- [TASK ITEM]:
If a line below falls between the line with "this 799×540 image." and the line with "this 350×262 image.", or is one of those two, output it exactly; output nothing else and no pictures.

[Saved data entries]
_ _ _ _ _
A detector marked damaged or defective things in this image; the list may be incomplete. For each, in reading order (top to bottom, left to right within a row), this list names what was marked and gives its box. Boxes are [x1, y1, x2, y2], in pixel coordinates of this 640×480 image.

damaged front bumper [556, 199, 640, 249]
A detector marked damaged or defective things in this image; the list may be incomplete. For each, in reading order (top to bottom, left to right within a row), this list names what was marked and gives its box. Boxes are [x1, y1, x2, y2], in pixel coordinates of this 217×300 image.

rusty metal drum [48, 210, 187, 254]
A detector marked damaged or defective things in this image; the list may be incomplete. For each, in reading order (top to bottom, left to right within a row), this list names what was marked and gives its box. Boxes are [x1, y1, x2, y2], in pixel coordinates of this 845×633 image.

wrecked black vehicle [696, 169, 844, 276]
_ _ _ _ _
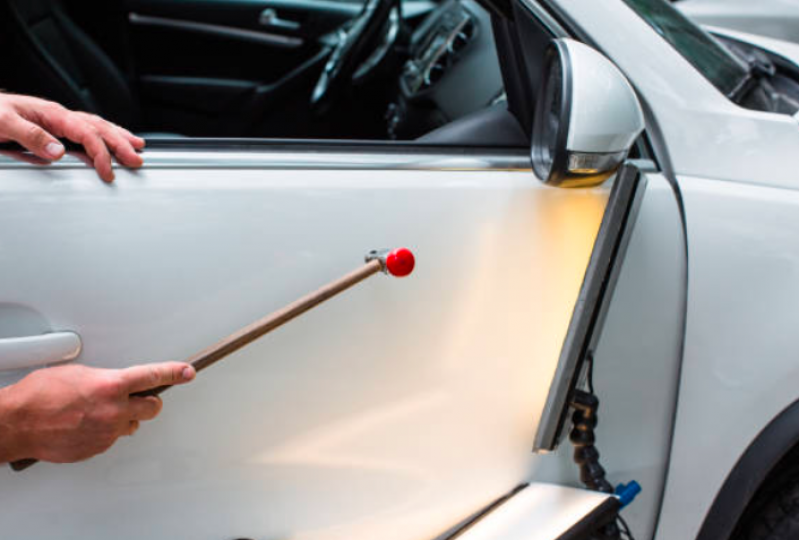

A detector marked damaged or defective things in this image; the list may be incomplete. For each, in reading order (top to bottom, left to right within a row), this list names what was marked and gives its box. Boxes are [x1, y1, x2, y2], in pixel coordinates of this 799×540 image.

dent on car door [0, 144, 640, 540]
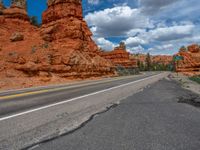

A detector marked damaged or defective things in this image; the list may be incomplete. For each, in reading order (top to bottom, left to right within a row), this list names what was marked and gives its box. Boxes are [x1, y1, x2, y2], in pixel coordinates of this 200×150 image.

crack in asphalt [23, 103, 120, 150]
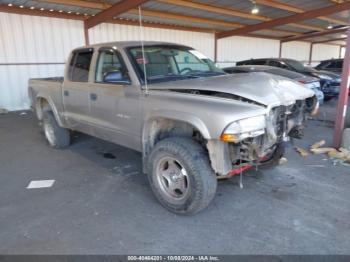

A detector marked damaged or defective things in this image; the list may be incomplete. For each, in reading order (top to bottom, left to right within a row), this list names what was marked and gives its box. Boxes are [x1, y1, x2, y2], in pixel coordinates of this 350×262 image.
_ _ _ _ _
- [EXERCISE SOLUTION]:
A detector marked damaged or defective things in this image; the list may be incomplete. For each, in reading order (top to bottom, left to right within a row), this list names what was marked and gives its box. Boxes are [x1, y1, x2, y2], in pixel coordinates of this 799×540 image.

dent on car door [0, 144, 640, 540]

A detector marked damaged or defective things in this image; the list may be incomplete. For each, in reading order (top to bottom, left to right within a row), this list names what was marked and gives its box. Boxes are [x1, y1, x2, y2], in pixel coordinates of this 200×150 image.

crack in asphalt [23, 103, 120, 150]

A detector marked damaged or defective things in this image; the list may be incomplete. For each, in reading order (top to bottom, left to right within a row), this list names what was marked and gives its box. Boxes are [x1, y1, x2, y2], in pixel coordinates of this 350×262 image.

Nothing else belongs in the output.